Marco Aurélio afirmou que se impressiona com a condução coercitiva de
acusados que sequer resistiram a prestar depoimento, caso do tesoureiro do PT,
João Vaccari Neto. O Ministro afirmou: “A
criatividade humana é incrível! Com 25 anos de Supremo, eu nunca tinha visto
nada parecido. E as normas continuam as mesmas”.
Operação Lava Jato. As críticas necessárias feitas por grandes juristas à forma
que Sergio Moro tem forçado a delação
premiada, me parecem procedentes. Por que? Porque prender preventivamente
para torturar o herege lembra o mudus
operandi da santa inquisição. Lembrando que o Tribunal do Santo Ofício era uma
instituição eclesiástica de caráter "judicial", que tinha por
principal objetivo "inquirir heresias", daí também ser conhecido como
Inquisição. As prisões preventivas estão na verdade sendo utilizadas para
“forçar” delações. Isso é uma verdadeira violência, pois essa modalidade de
prisão deveria ser
utilizada apenas em situações extremas para evitar fuga eminente ou prejuízos
reais à apuração e apenas nos estritos limites temporais necessários para
tanto, mas tem sido usada como uma forma de constranger e torturar
psicologicamente aqueles cuja culpa ainda não está comprovada e utilizar da
prisão preventiva para obter delações é absolutamente ilegal e
inconstitucional, inclusive. Aliás, poderiam ser chamadas de delações compulsórias e não de delações
premiadas.
Alguns juristas têm afirmado que esse
procedimento torna nula a delação e suas consequências, pois o procedimento que
vem sendo adotado pelo Juiz-espetáculo seria uma espécie de confissão obtida
sob tortura psicológica e mesmo física levando-se em conta as condições de nossos
presídios e delegacias, sem contar os vazamentos seletivos promovidos
evidentemente pelo citado Juiz ou por ele estimuladas.

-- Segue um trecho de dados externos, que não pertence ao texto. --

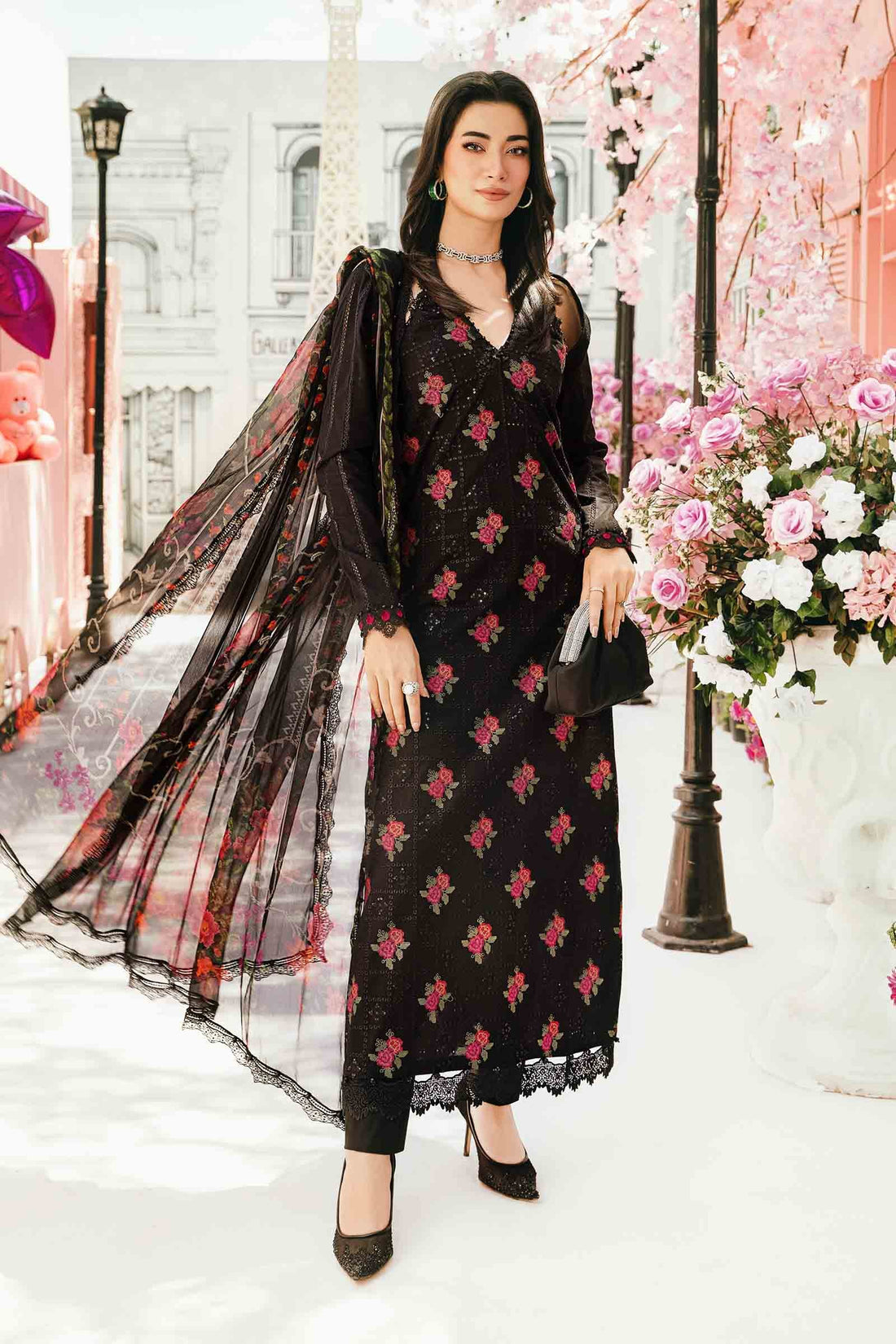 Maria B | M Prints Summer 25 | MPT-2601-B by Maria B - Designer Dress - Type: Ladies Clothes - Available at Sana Yasir - 100% Original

Há uma horda de imbecis que estão a prestar
tutela jurisdicional que banalizou e ideologizou a prisão cautelar ou
preventiva. Li recentemente que cerca de 40% de nossa população carcerária está
presa preventivamente, ou seja, foi presa sem ainda ter podido se defender do
que foi acusada ou do que foi posta sob suspeita, Franz Kafka e o seu “O
Processo” estariam presentes?
Outro aspecto a ser analisado são os vazamentos que tem ocorrido na
Lava-Jato. E o vazamento de
informações é crime do agente público que vaza ou deixa vazar, nunca do
jornalista que meramente informa algo que é sempre de interesse público. Seria
o Juiz-espetáculo Sérgio Kafka Moro um delinquente?

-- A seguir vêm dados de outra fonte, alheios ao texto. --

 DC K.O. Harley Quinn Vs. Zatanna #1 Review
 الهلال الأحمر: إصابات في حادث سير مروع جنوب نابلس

Bem, os vazamentos seletivos patrocinados, estimulados ou tolerados pelo
tal juiz Sérgio Moro tem consequências perversas, pois em sendo seletivos, criam
uma narrativa acusatória prévia e baseada em suposições e não em investigações
de quem tem competência para investigar: as polícias.
O último aspecto a ser considerado é que o governo federal passou a sofrer
ferrenha oposição da classe média alta urbana, segmento do qual a maioria dos
juízes participa e se origina, logo por ele é influenciada. Isso não pode ser ignorado,
pois confere caráter indesejado à prestação jurisdicional.

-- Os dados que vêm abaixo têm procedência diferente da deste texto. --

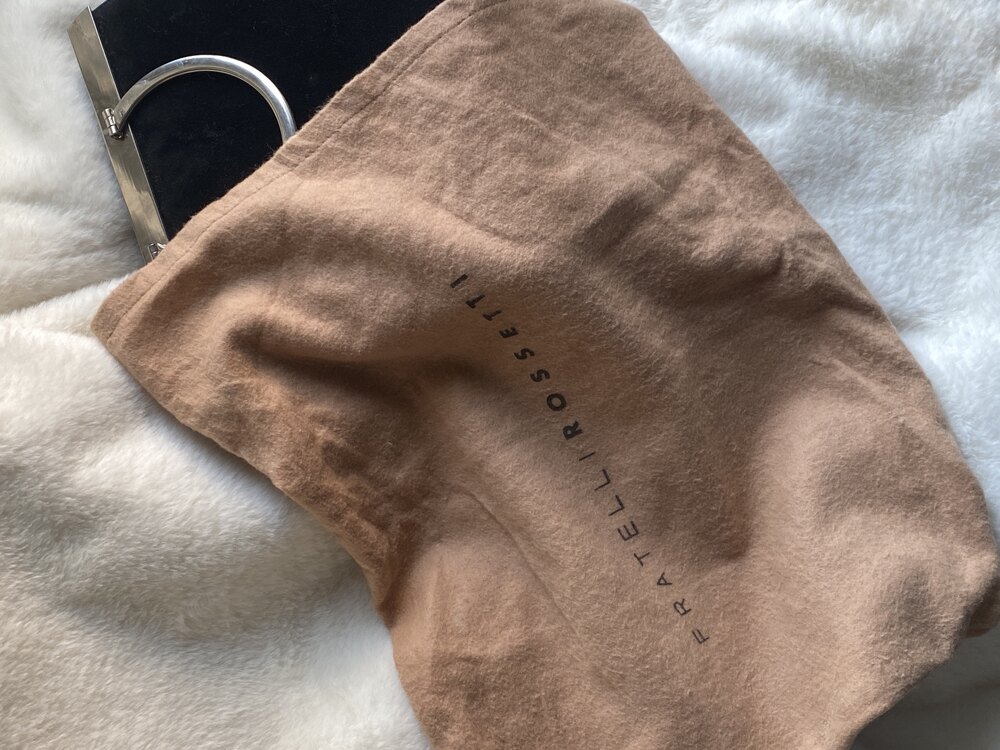 Vintage Fratelli Rossetti Velvet Bag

Diante dessas reflexões é possível afirmar que se não for
instrumentalizada com honesta responsabilidade a delação premiada será verdadeira inquisição e, s.m.j., voltar à Idade Média não é desejo dos verdadeiros
democratas.
[1]
Código Penal (arts. e 159, §4º, e
288, p.u.), Lei do Crime Organizado – nº 9.034/05 (art. 6º), Lei dos Crimes
contra o Sistema Financeiro Nacional – nº 7.492/86 (art. 25, §2º), Lei dos
Crimes de Lavagem de Capitais – nº 9.613/88 (art. 1º, §5º), Lei dos Crimes
contra a Ordem Tributária e Econômica – nº 8.137/90 (art. 16, p.u.), Lei de
Proteção a vítimas e testemunhas – nº 9.807/99 (art. 14), Nova Lei de Drogas –
nº 11.343/06 (art. 41), e, mais recentemente, na Lei que trata do Sistema
Brasileiro de Defesa da Concorrência – nº 12.529/2011 (art. 86).